The Achievement Mindset

Self-ImprovementAdvice

  • Author Kate Loving Shenk
  • Published March 6, 2007
  • Word count 971

Recently, after going to an on-line business building "bootcamp," I made some interesting observations when I returned to the work-a-day world, where the time clock and hard work "by the sweat of your brow," sent me on an odyssey that even Napoleon Hill would agree with, if I could have the opportunity to sit with him, and discuss these musings.

Napoleon Hill was an American author who was one of the earliest producers of the modern genre of personal-success literature.

His most famous work, Think and Grow Rich, is one of the best-selling books of all time.

Hill stated in his writings that people are free to believe what they want to believe, and this is what sets the United States apart from all other countries in the world. Hill's works examined the power of personal beliefs, and the role they play in personal success.

"What the mind of man can conceive and believe, it can achieve" is one of Hill's hallmark expressions. How achievement actually occurs, and a formula for it that puts success in reach for the average person, were the promise of Hill's books.

Hill called his success teachings "The Philosophy of Achievement" and he considered freedom, democracy, capitalism, and harmony to be important contributing elements. For without these, Hill demonstrated throughout his writings, personal beliefs are not possible.

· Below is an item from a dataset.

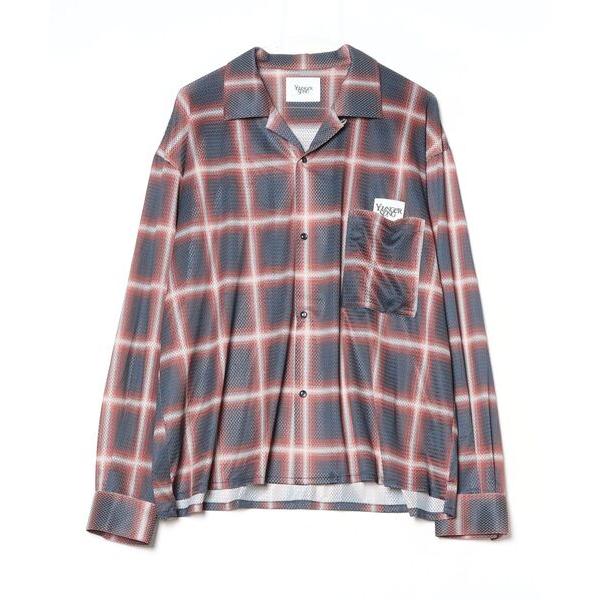 シャツ mesh ombre check shirt メンズ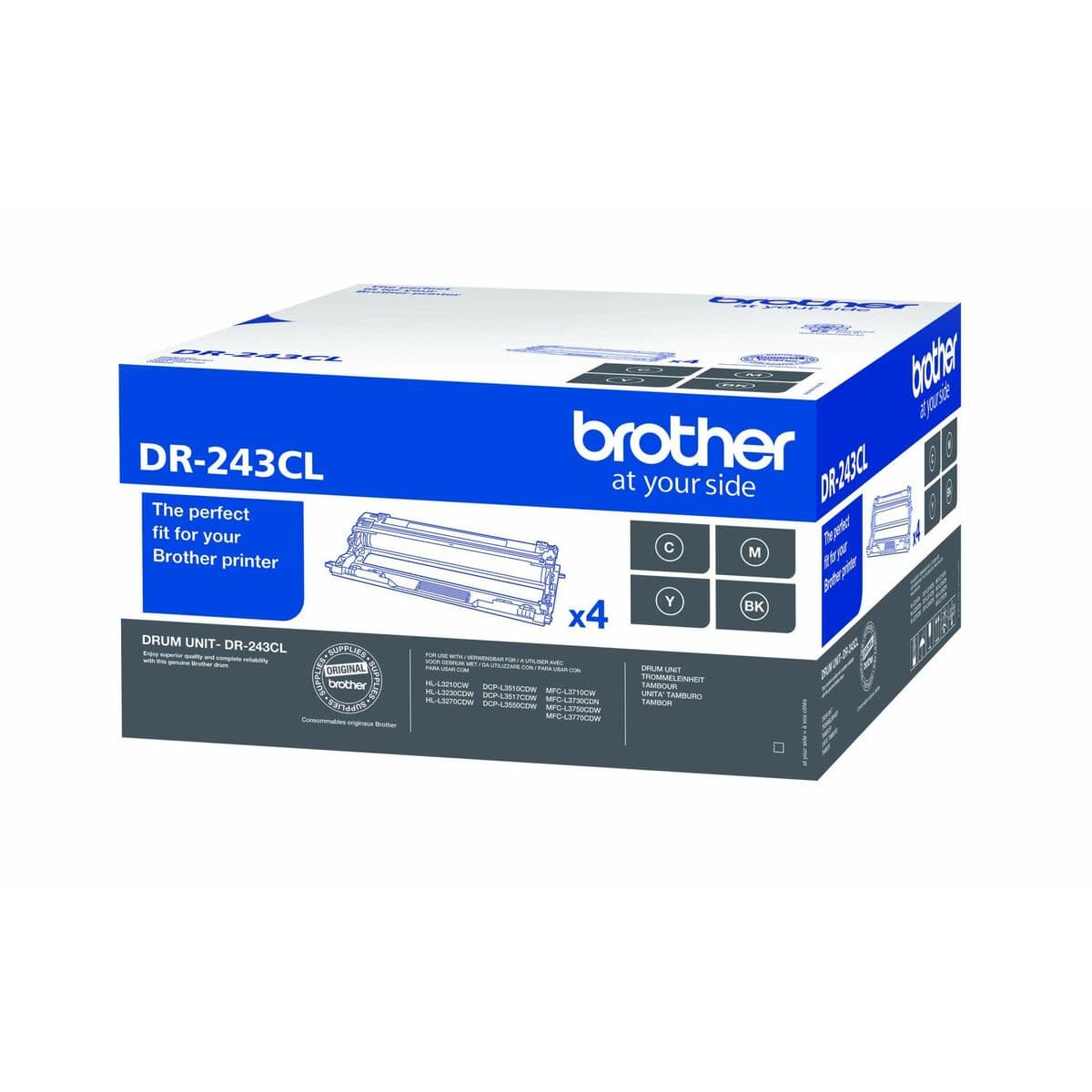 Trumma Brother DR243CL Svart Svart/Cyan/Magenta/Gul - Image 2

He contrasted his philosophy with others, and thought Achievement was superior and responsible for the success Americans enjoyed for the better part of two centuries. Fear and selfishness had no part to play in his philosophy. Hill considered them to be the source of failure for unsuccessful people.

The secret of Achievement was tantalizingly offered to readers of Think and Grow Rich. This secret was never named directly as Hill felt discovering it for themselves would provide readers with the most benefit.

Hill presented the idea of a "Definite Major Purpose" as a challenge to his readers, to make them ask of themselves "in what do you truly believe?" For according to Hill, most people had no firm beliefs, putting true success firmly out of reach.

Hill's numerous books have sold millions of copies, proving that the secret of Achievement is still highly sought-after by modern Americans. Hill dealt with many controversial subjects through his writings including racism, slavery, oppression, failure, revolution, war and poverty. Persevering and then succeeding in spite of these obstacles using the philosophy of Achievement, Hill stated, was the responsiblity of every American Hill's Life and Works

Hill was born into poverty in a two-room cabin in the town of Pound in rural Wise County, Virginia. His mother died when he was ten years old. His father remarried two years later.

At the age of thirteen he began writing as a "mountain reporter" for small-town newspapers. He used his earnings as a reporter to enter law school, but soon had to withdraw for financial reasons.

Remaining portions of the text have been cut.